壮「あれ?万理さんは今日、愛聖さんに付いてたんじゃないんですか?」
「だよな。俺もいま同じこと思った」
万「もちろん愛聖に付いてるよ?でも今日の撮影は、偶然にもMEZZO"が収録してたスタジオのふたつ隣なんだよ。だから、ちょっとこっちの様子を見に来てたんだ」
ふぅ~ん、マリーと同じ場所だったんだ。
全然知らなかったし。
「バンちゃん、マリーはちゃんと練習出来てんの?」
確かに撮影の合間に練習するとか言ってたけど。
万「頑張ってるよ。だいぶ乗れるようになったし、環くんの特訓のお陰かな?そうだ、二人は今日はこれで終わりだったよね?もし良かったら、愛聖の撮影を見学してく?」
壮「え、いいんですか?」
万「大丈夫だよ。監督さんは社長の古くからの知り合いだし、オレもMEZZO"の所に顔出して来るって伝えてあるから」
「···行く。どれくらいマリーが乗れるようになったか知りたいし」
紡「じゃあ、お言葉に甘えてみんなで見学に行きましょうか」
「じゃ、決まり。早く行こーぜ」
みんなでマリーが撮影してるスタジオへ行くと、まだ撮影中なのかバンちゃんが静かにね、ってそっとドアを開けた。
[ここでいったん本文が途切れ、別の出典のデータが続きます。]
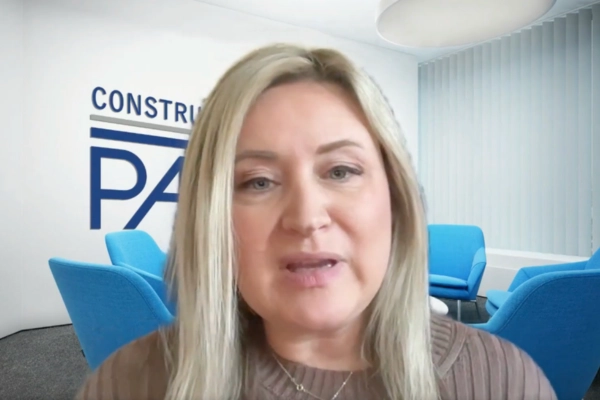 A woman with long blonde hair sits in a modern office with blue chairs and a logo on the wall reading CONSTRU PA. She is wearing a brown top and looking directly at the camera.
「カッート!ダメダメ愛聖ちゃん···疲れてきたのは分かるけど、ここはずっと会いたい人がやっと来たって感じで嬉しそうに笑ってくれなきゃ!」
『すみません!もう一回お願いします!』
マリーが怒られるとか、珍しくね?
いったいどんな撮影してんだ?
「カメラ回しまーす!3・2···1···」
作られた背景のなかで、マリーがスケボーを抱きしめながら遠くを見たり、空を見上げたりして···
俺はもっとマリーの演技が見たくて、スタッフの間に体を滑り込ませてカメラの後ろから顔を出した。
ちょうどその時、マリーがカメラを振り返った。
俺と目が合って···なんかちょっとだけ嬉しそうに、ふわふわの笑顔で···笑った。